DATA SUPPLIED:
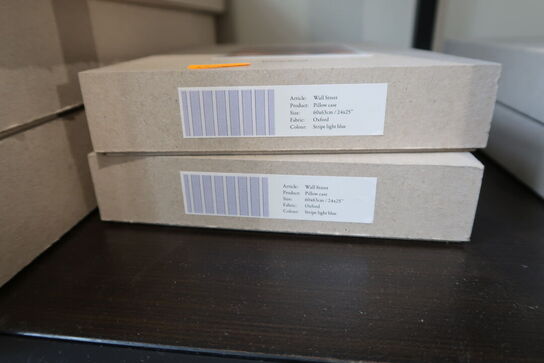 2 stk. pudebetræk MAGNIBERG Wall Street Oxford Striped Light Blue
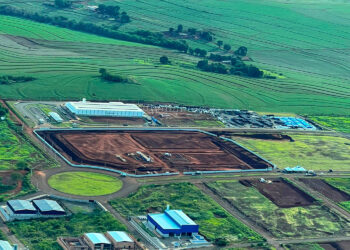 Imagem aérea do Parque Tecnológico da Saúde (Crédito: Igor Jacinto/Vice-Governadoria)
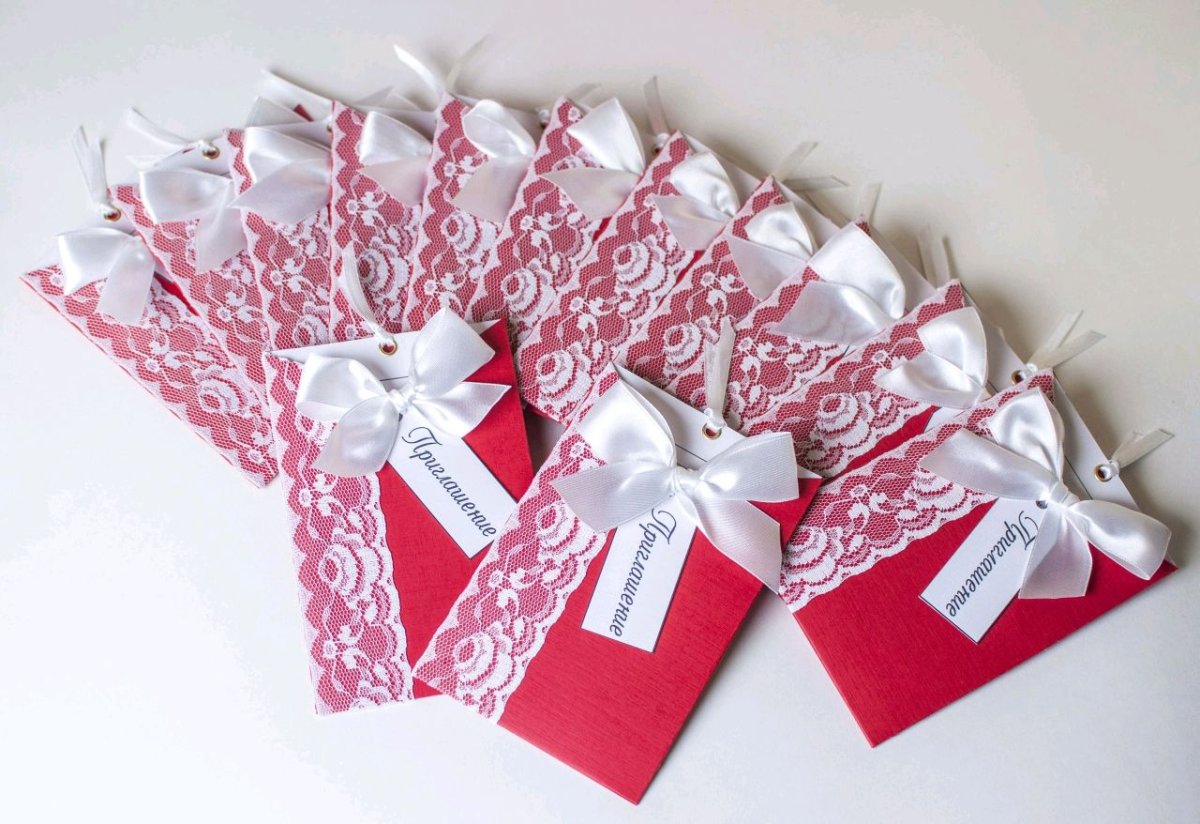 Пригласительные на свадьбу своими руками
...
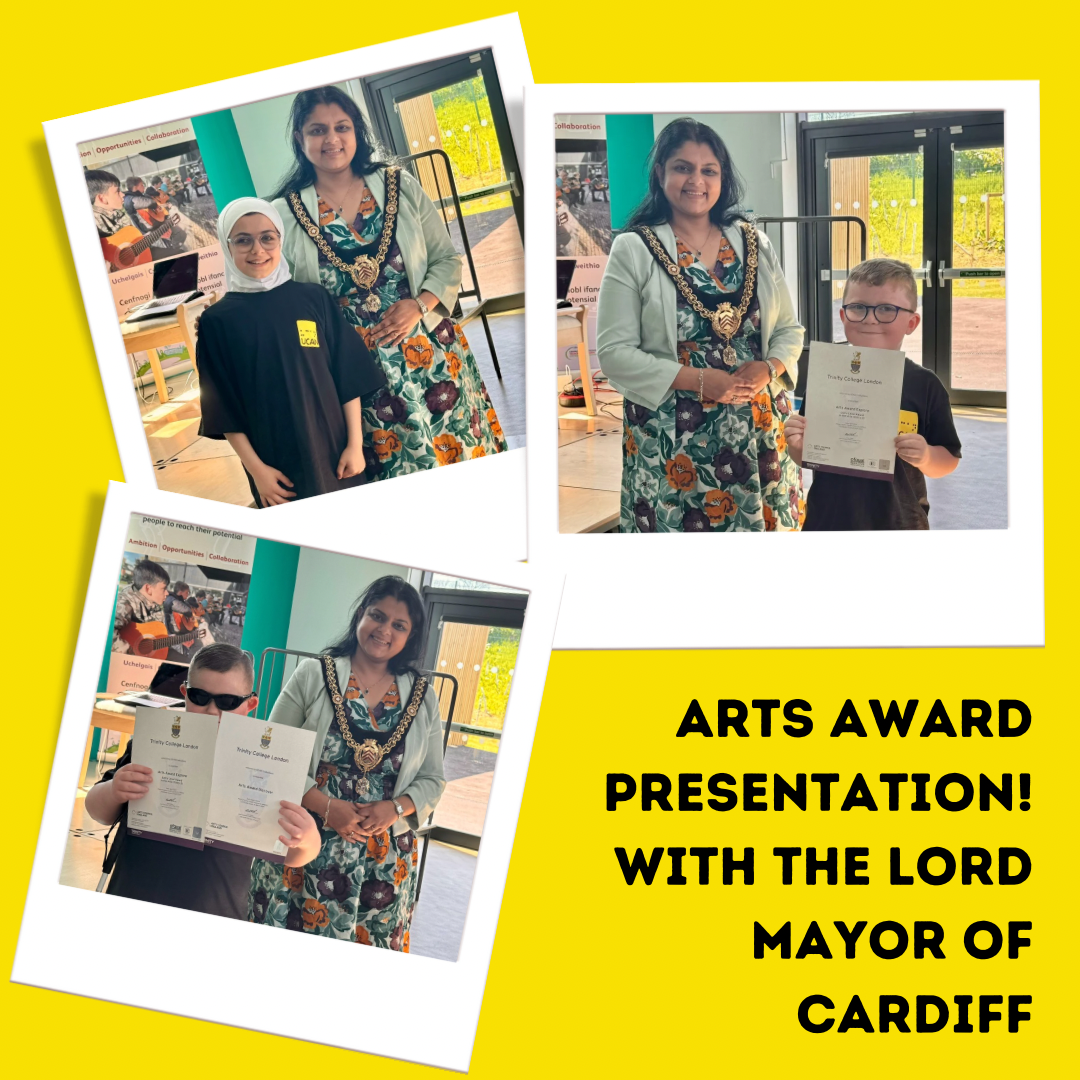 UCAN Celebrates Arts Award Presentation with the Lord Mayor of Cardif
--
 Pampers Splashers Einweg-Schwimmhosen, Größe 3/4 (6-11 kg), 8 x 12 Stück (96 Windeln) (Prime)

EXERCISE PROMPT:
Print nothing but the lines above starting with the line that contains "2 stk. pudebetræk" and going on through the line that contains "Пригласительные на свадьбу своими руками". Leave out the pictures.

RESPONSE BOX:
 2 stk. pudebetræk MAGNIBERG Wall Street Oxford Striped Light Blue
 Imagem aérea do Parque Tecnológico da Saúde (Crédito: Igor Jacinto/Vice-Governadoria)
 Пригласительные на свадьбу своими руками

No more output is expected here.